### SUPPLIED RECORDS ###

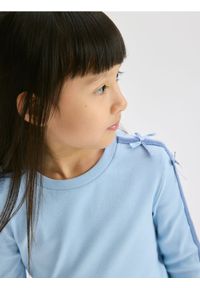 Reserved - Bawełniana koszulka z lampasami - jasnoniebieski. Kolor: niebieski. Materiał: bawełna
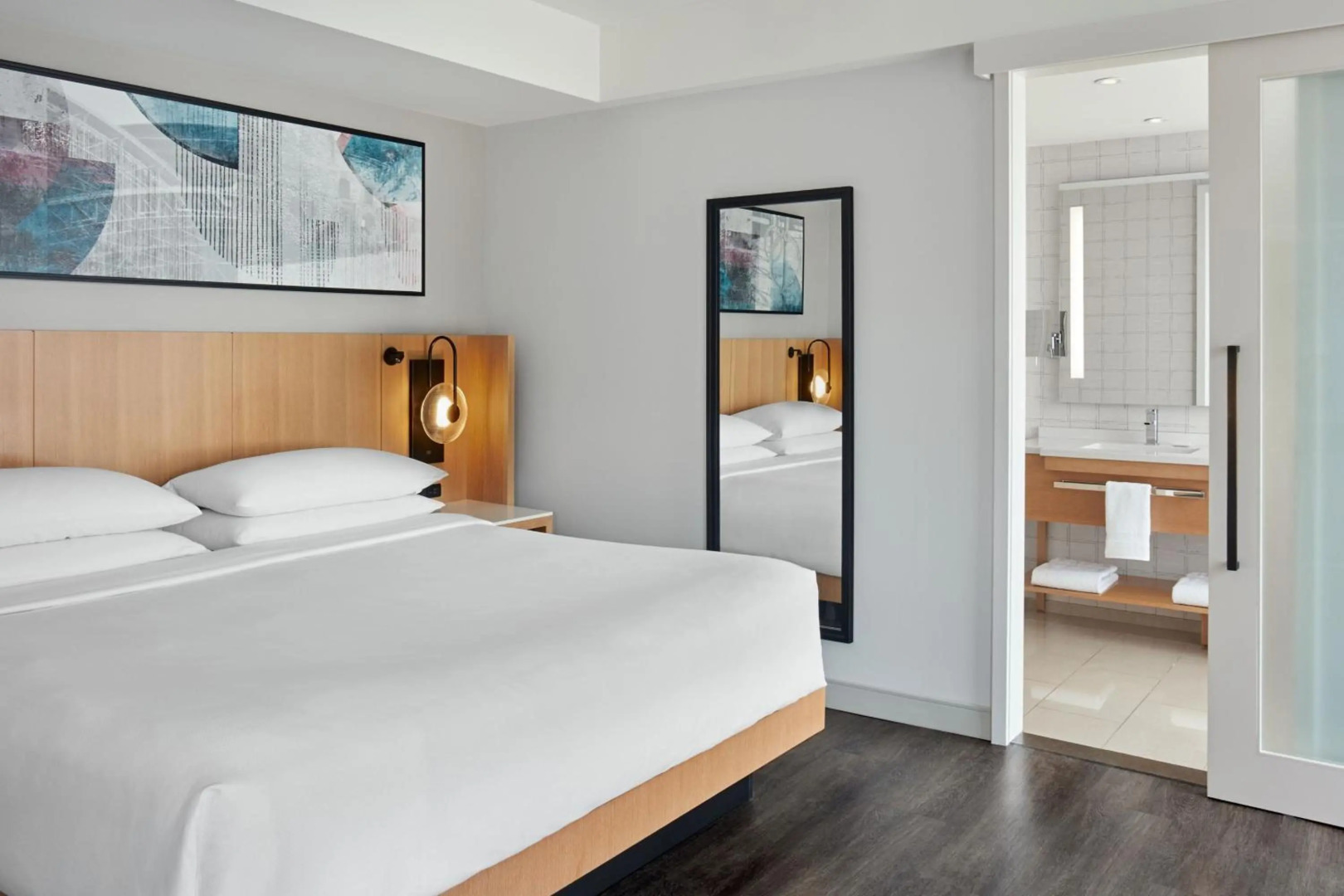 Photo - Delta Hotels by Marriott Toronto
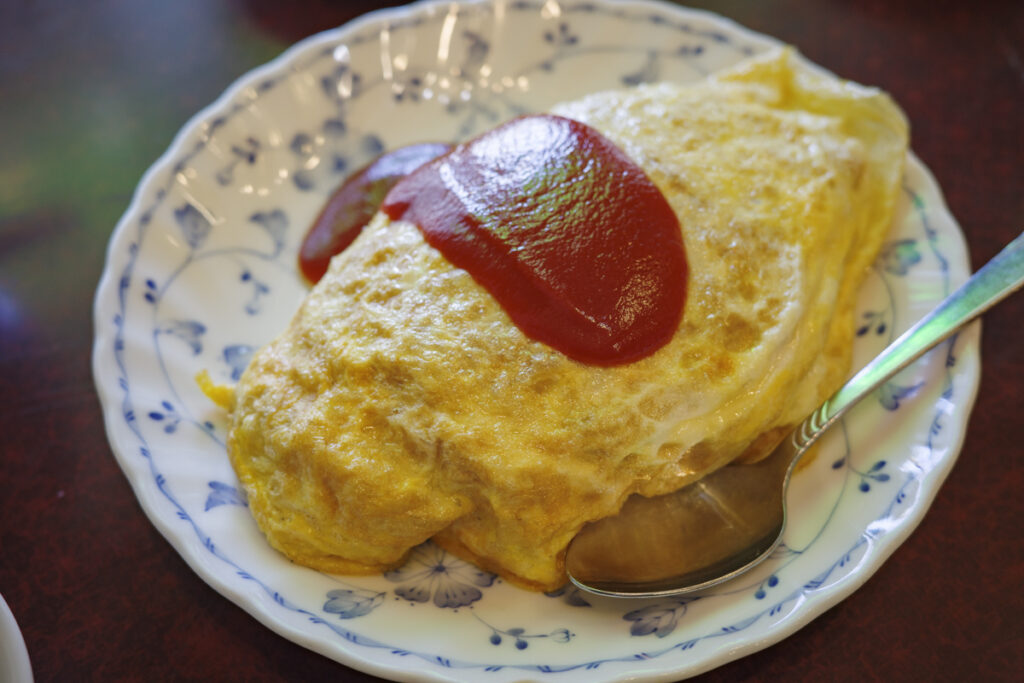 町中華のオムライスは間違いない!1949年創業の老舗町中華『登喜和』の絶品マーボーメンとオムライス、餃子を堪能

###
### SUPPLIED RECORDS ###

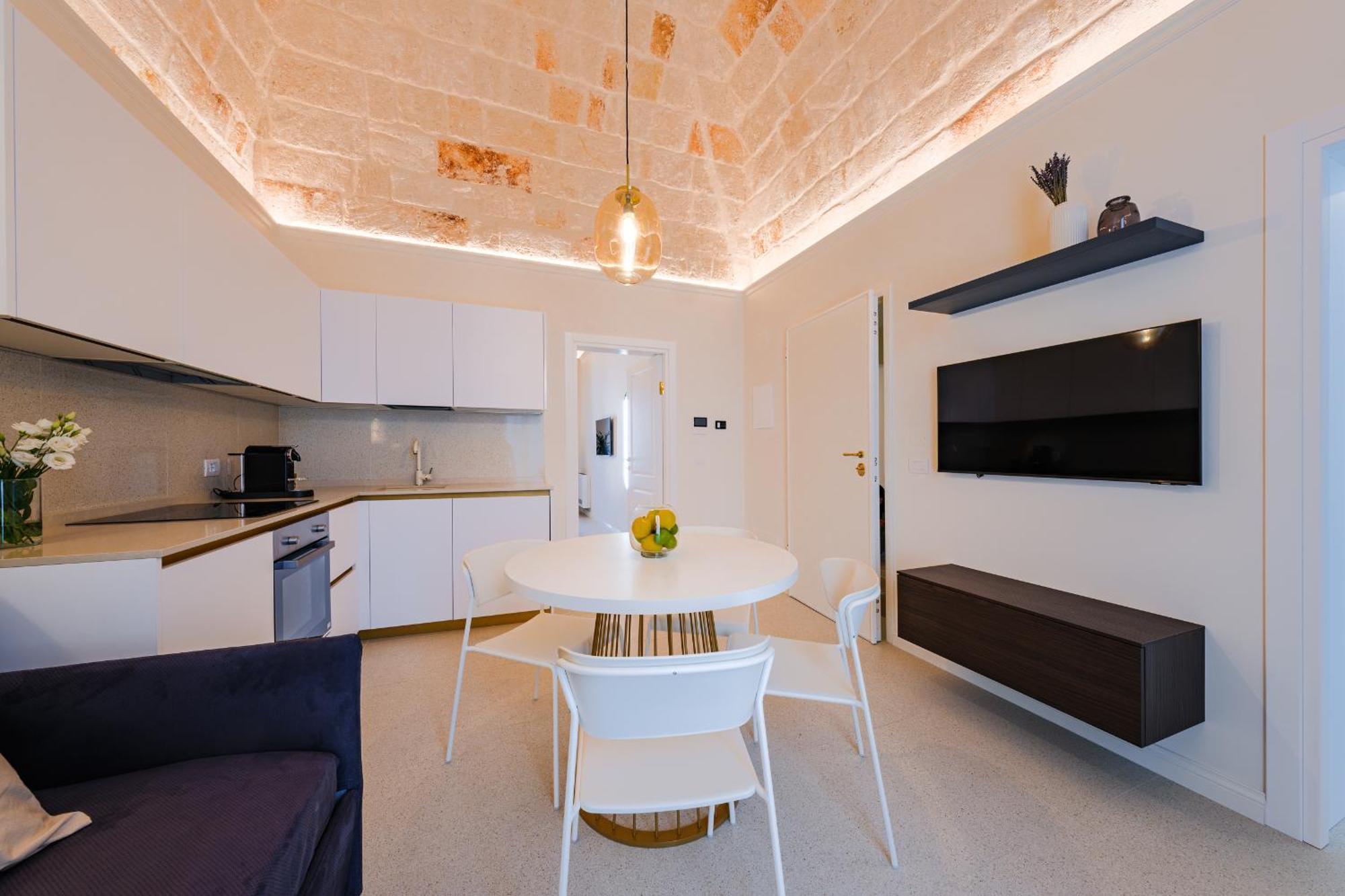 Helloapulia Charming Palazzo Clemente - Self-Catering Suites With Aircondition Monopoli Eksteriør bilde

###

* WORK INSTRUCTIONS *
Look above for the line with "Reserved - Bawełniana" and the line with "町中華のオムライスは間違いな", then copy exactly the lines from the first through the second, both kept, with no pictures.

* ANSWER BOX *
 Reserved - Bawełniana koszulka z lampasami - jasnoniebieski. Kolor: niebieski. Materiał: bawełna
 Photo - Delta Hotels by Marriott Toronto
 町中華のオムライスは間違いない!1949年創業の老舗町中華『登喜和』の絶品マーボーメンとオムライス、餃子を堪能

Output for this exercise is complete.